Regardless of what or whom you are photographing, composing a photograph often comes down to framing a visually pleasing balance of light and shadow. But even a well-composed, well-lit photograph can benefit from post-capture tweaking in the form of darkened corners—or “burned” edges, which is a printing technique that goes way back to the early days of photography and was a common darkroom practice for enhancing portraits and landscape imagery. This isn’t to say even edge-to-edge tonality is bad—in fact it’s more often than not perfectly fine and appropriate for any given image. There are however, many photographs that can be improved by selectively darkening the edges of the frame as a subliminal means of redirecting the viewer’s eyes back to the main subject of the photograph.
It’s interesting to note vignetting was part and parcel to photographs taken in the earliest days of photography, not for stylistic reasons, but because the optics of the day were notoriously inefficient at delivering light to the extreme corners of the frame, which in many cases added to the character of the images regardless of how bland they may or may not be.
Back in the day of darkroom printing, “burning in” the edges of an image was common practice, and was usually performed by placing one’s fist in front of the image’s light path to hold back light from the center of the frame and increasing the exposure time to the edges of the frame. To ensure smooth tonal transitions and feather the edges it was important to jiggle one’s hand during the burn time, and because burn times and hand position varied print to print, each print was unique unto itself.
Fast-forward to the Digital Age and things haven’t changed all that much. What has changed is the methodology and the tools we use to darken the corners of the frame. Instead of jiggling our fists in the enlarger’s light path, we now use the Burn tool found in Photoshop and similar image-editing programs, the icons of which are coincidentally shaped like a cupped hand.
When you click on the Burn icon in Photoshop, you get a choice of options that determine the diameter of the burn zone, as well as the degree of feathering and transparency of the burn footprint. Unlike darkroom burning, Photoshop offers you the option of undoing single or multiple burn sweeps, and once you get the desired effects, the image can be saved as a new file and used to produce as many identical prints as you need.

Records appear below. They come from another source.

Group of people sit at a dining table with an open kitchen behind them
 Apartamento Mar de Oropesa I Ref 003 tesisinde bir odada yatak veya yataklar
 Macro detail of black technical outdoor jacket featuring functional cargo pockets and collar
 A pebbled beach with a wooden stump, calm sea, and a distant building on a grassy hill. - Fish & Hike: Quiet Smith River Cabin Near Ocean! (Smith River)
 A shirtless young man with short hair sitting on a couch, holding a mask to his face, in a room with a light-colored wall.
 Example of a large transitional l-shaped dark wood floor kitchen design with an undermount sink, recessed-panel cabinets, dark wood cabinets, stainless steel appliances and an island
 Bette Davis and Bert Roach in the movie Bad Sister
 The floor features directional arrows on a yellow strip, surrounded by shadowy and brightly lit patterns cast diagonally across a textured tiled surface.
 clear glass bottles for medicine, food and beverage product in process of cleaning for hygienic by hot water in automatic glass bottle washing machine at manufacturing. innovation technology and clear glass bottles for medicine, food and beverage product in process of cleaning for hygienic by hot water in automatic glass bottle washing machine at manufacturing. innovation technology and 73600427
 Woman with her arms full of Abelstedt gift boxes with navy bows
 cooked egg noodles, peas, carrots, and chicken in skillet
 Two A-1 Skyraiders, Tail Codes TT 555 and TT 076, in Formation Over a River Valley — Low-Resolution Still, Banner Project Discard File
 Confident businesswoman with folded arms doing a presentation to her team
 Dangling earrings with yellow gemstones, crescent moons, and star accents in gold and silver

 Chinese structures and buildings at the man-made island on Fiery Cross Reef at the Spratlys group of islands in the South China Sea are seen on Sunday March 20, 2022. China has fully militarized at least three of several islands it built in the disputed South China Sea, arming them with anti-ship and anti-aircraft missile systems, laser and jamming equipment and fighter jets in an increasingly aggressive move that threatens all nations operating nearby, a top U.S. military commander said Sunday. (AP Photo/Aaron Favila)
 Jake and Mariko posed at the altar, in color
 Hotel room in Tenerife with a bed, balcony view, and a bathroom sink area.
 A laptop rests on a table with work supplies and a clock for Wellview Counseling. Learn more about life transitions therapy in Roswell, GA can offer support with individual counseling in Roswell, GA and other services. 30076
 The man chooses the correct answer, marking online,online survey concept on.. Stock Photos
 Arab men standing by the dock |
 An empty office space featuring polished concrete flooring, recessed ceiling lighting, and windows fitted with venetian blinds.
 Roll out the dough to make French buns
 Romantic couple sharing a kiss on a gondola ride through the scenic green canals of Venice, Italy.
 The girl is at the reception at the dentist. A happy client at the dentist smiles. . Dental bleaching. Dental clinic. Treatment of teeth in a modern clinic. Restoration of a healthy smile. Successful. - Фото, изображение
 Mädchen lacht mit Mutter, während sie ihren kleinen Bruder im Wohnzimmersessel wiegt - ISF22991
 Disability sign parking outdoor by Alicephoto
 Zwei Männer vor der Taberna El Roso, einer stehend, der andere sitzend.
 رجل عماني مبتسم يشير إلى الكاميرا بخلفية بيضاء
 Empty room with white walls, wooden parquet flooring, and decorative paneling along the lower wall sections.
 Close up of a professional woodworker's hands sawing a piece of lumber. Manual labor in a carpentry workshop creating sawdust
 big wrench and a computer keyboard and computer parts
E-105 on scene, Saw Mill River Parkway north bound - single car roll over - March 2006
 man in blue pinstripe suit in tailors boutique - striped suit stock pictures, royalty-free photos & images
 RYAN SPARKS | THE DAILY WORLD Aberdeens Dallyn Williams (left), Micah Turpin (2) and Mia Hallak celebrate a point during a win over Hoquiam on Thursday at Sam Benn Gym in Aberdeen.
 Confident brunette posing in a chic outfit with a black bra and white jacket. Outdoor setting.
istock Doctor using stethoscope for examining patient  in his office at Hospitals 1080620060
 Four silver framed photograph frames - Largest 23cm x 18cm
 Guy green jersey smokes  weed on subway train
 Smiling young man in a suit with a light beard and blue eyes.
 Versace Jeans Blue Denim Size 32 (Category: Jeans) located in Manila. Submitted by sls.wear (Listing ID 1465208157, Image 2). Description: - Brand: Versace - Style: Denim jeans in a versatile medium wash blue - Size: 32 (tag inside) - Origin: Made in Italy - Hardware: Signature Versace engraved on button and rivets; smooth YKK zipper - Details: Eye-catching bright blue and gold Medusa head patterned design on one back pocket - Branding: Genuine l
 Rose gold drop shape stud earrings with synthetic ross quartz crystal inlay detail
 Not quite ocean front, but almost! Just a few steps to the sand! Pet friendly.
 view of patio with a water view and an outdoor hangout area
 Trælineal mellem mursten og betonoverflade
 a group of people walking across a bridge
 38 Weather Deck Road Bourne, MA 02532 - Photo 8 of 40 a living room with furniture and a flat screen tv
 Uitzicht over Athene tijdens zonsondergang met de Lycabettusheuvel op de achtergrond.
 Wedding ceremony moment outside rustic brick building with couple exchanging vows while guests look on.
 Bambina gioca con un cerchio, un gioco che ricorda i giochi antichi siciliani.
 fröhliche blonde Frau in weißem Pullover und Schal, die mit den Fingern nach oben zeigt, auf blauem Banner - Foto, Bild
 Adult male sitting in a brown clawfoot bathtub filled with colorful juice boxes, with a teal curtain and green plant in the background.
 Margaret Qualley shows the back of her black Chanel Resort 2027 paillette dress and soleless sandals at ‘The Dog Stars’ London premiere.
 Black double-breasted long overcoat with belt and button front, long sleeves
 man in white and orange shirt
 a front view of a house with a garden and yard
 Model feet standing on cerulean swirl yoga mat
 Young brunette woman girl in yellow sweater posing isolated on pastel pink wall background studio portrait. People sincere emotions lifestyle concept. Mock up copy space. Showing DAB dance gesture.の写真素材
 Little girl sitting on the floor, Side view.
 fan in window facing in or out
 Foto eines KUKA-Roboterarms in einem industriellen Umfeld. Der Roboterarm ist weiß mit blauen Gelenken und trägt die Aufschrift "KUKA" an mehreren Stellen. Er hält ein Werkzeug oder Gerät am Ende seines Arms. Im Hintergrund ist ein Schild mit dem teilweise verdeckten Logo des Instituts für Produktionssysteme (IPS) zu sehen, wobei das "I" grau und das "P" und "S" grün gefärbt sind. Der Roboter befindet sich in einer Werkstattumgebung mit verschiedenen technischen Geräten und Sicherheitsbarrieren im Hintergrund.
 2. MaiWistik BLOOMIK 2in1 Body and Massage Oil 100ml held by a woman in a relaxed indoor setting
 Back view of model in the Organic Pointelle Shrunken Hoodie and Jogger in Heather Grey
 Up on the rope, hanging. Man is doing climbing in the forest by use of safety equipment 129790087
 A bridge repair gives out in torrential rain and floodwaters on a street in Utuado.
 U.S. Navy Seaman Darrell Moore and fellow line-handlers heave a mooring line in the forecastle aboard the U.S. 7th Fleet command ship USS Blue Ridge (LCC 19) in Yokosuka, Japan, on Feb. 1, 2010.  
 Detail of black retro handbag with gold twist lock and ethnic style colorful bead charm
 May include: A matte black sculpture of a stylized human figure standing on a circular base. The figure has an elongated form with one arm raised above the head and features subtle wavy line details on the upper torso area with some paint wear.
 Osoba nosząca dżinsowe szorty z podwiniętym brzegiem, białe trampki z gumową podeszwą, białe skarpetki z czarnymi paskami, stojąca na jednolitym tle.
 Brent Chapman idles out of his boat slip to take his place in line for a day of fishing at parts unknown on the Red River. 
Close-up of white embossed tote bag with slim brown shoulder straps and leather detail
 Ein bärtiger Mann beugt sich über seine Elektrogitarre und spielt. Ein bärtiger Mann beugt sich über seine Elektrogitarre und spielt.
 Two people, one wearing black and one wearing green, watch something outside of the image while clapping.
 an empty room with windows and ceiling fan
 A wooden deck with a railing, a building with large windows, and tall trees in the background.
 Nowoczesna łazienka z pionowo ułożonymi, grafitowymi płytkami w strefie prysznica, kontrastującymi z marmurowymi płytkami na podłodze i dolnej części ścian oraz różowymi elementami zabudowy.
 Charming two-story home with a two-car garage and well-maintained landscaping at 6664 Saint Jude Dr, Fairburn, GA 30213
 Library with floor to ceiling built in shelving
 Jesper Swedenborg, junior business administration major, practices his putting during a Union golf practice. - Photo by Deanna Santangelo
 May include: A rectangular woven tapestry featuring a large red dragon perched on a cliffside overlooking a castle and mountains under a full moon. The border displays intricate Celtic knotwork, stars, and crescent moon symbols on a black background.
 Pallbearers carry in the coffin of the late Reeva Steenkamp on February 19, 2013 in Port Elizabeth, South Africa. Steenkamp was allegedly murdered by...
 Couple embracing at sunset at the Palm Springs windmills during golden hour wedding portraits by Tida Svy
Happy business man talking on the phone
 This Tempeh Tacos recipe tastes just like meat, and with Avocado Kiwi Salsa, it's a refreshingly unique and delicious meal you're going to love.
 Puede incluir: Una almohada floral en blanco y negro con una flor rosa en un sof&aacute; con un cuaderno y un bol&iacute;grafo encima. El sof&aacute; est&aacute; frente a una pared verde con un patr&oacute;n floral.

Another method of vignetting the corners of the frame is to open the Filters drop-down menu, go down to Distort, slide over to Lens Correction, and play back-and-forth between the Darken and Midpoint sliders until you achieve the desired effects. You can achieve similar effects (and in a similar fashion) when processing RAW files in Photoshop, though when working in Photoshop’s RAW file processor you also have the option of creating elliptical or rectangular edge darkening, which in some cases can be far more visually pleasing than circular vignetting.
It’s also worth noting that these same sliders can be used to lighten the edges of image files in instances in which you’d rather have even edge-to-edge tonality.
Regardless of your choice of vignette shape and the degree of darkening you choose to apply to the image, it’s always a good idea to darken the edges moderately to avoid a heavy-handed look. With the exception of images created from RAW files, always work on a copy of the original image because once you hit the Save button, there’s no going back.